Re: RARA-AVIS: Max Collins

From: Mark Sullivan ( DJ-Anonyme@webtv.net)
Date: 10 Jun 2004


Jim wrote:
"I met his forensics researcher at a writers' conference in Quad-Cities. He mentioned that he and Al were talking about a CSI novel in which the William Peterson character had a dream in which he was Sherlock Holmes, and he solved a case using late 19th/early 20th Century forensics technology.
"I mentioned that it might be more appropriate if the character dreamed he was Dr. John Thorndyke."

More appropriate, maybe, but probably not as commercial. And Collins is nothing if not commercial. That is not meant as a dig. It's just that Collins is clearly a commercial genre writer who sees no shame in courting (and entertaining) as big an audience as possible, in several media. And he has certainly entertained me a number of times.

The first thing I read by him was Ms. Tree. I enjoyed the characters and storytelling, even if I was sometimes less than thrilled with Terry Beatty's artwork (it was pretty stiff and he had a real problem with the foreshortening of arms). I also enjoyed the Mike Mist Minute Mysteries in the back and the letter column, where I read my first mention of Ralph Dennis when Collins put out a request for any of his books. I searched in vein for several years in those long ago, pre-Internet days
(for myself, not him), but never found any. (I had forgotten about him until reading about him here. Thanks. The two I've read are really good.) On the other hand, I found his Mad Dog series for DC very clumsy, both in storytelling and art.

Still, Ms Tree got me to check out his books. My favorite series of his are the ones with professional thief Nolan and hit man Quarry. I enjoyed both of those series quite a bit. Speaking of which, Hard Case Crime's website says that Two for the Money is the first time its two connected Nolan novels have been published in one volume. Didn't Carrol
& Graff do that a decade or so ago?

He also wrote a series about a crime writer who got involved in a few mysteries. I forget the name, but it was not Angela Lansbury. One entry, set at a mystery writers convention, was particularly amusing, with a pair of twins playing Donald Westlake.

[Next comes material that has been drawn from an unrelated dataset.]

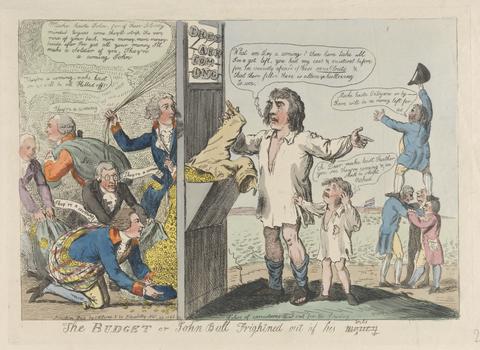 Isaac Cruikshank The Budget or John Bull Frightened Out of His (Money) Wits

However, Nate Heller did not do it for me in the one book I read, the first, True Detective. Part of it is certainly that I am not much of a fan of historicals, but I still went through several of Stuart Kaminsky's Toby Peters books and was a huge fan of James Ellroy before finally becoming disillusioned with him in American Tabloid (and Chinatown is my favorite movie). I just found it instantly forgettable and never read another.